Execute Job is my favorite response type because I can wrap almost anything in a job, and the job itself is monitored by Event Manager.  This allows me to not only automate a response, but very easily configure a Send Email or Send Page notification in case of a failure in my automated response.

Execute Process

The Execute Process action can be used to execute any executable or batch file against any of your monitored servers.  This option does require xp_cmdshell to be enabled on the server, so this is not always an option.

Execute SQL

The Execute SQL action executes any T-SQL statement(s) against any of your monitored servers.  This option is very flexible, able to respond to pretty much anything you can anticipate and write a script or stored procedure to resolve.  The upside to this versus Execute Job is that you do not have to create an object on the server.  The downside is that it is a little bit more complicated to build a notification to respond to issues with your automated response. 

Run QuickTrace

Sometimes you have a recurring issue that some extra trace data would be helpful to resolve, but it is hard to predict when the issue will happen.  Run QuickTrace is for this kind of scenario, as it allows you to run a short-term trace in response to the event occurring.  This allows you to minimize the amount of time the trace has to run against the server, and the amount of data that needs to be sifted through to analyze the problem.

The Quick Trace runs for a short time, I usually set its duration for 10-30 seconds, and grabs everything running against the server at either the batch or statement event level.  You can also specify a rowcount limit for the trace, limiting the amount of data collected.

The QuickTrace is unfiltered and collects a broad range of data columns.  This is something we would typically think of as being fairly high-impact from a standpoint of overhead on the server,and certainly something we would be very resistant to firing off from Profiler as a client-side trace.  SQL Sentry has a number of different safeguards and optimizations to reduce that overhead.  I won't bore you with the details here, but they're all available in the SQL Sentry User Guide.

Configuring an example in SQL Sentry:

Let's take a look at one possible example using my demo environment. 

First, we need a problem to solve.
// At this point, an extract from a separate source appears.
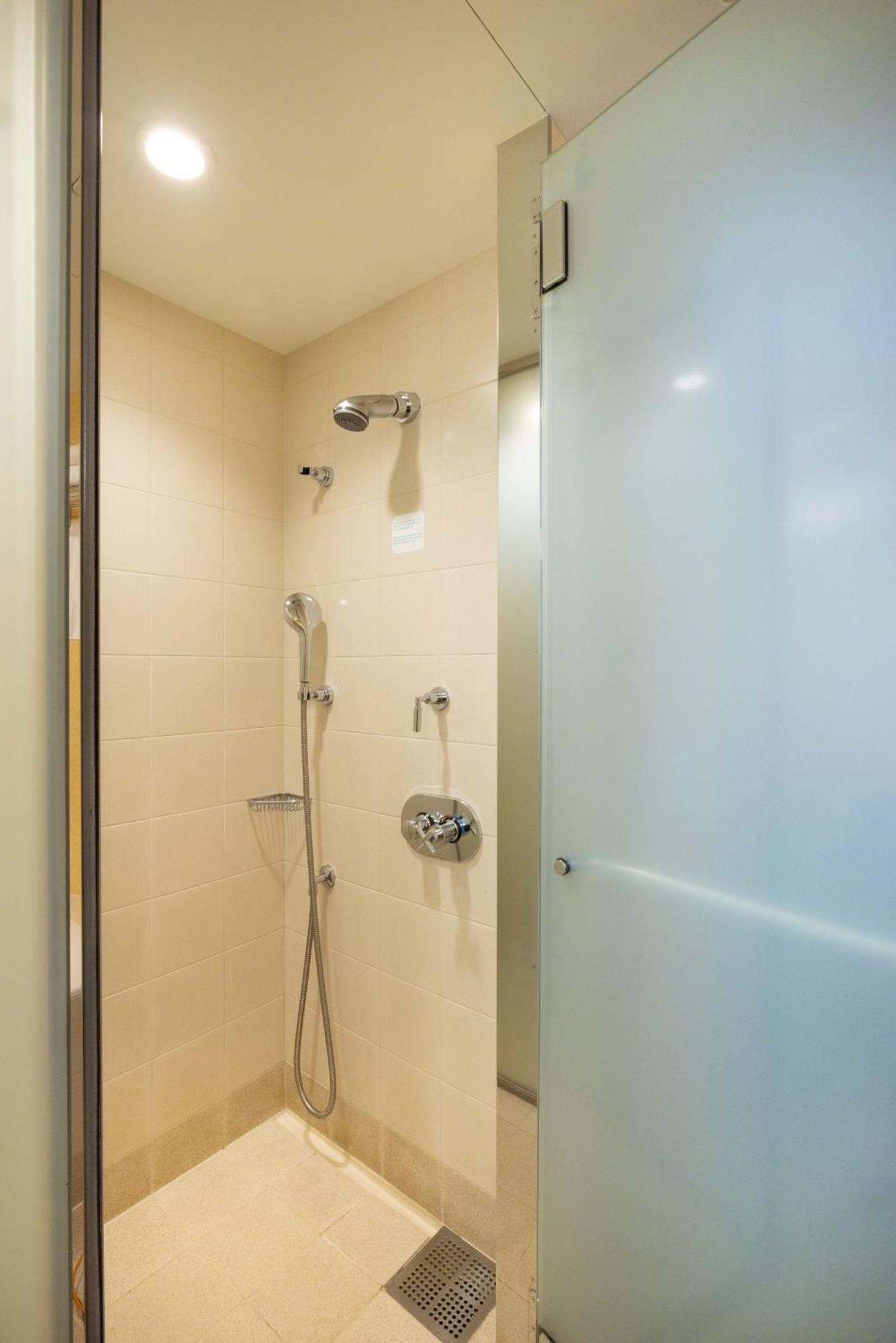 Yokohama Floor Grand Corner Suite with Bay View - Non-Smoking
For our example, I have built an automated response to handle a failure of my nightly full backup job on one of my monitored SQL Server instances.  I created a second backup job for my automated response, and it backs up to an alternate storage location.  This way, if my primary backup location runs out of space, or there is some other issue, we can retry to an alternate location.  In this case, I wouldn't disable the failed job email alert that I have configured globally, because I do want to know that my backup isn't going to be in its usual location.  Let's take a look at how I configured it:

Click to enlarge.  On the left, I've configured the Execute Job action on failure to start the alternate backup job.  On the right, I set a Send Page alert targeting both of my call groups and the help desk so a high-priority notification goes out if the alternate backup should fail as well.

This is just a simple example, but outlines one of the many ways you can have SQL Sentry automate response to events to save aggravation and ensure that problems are resolved quickly.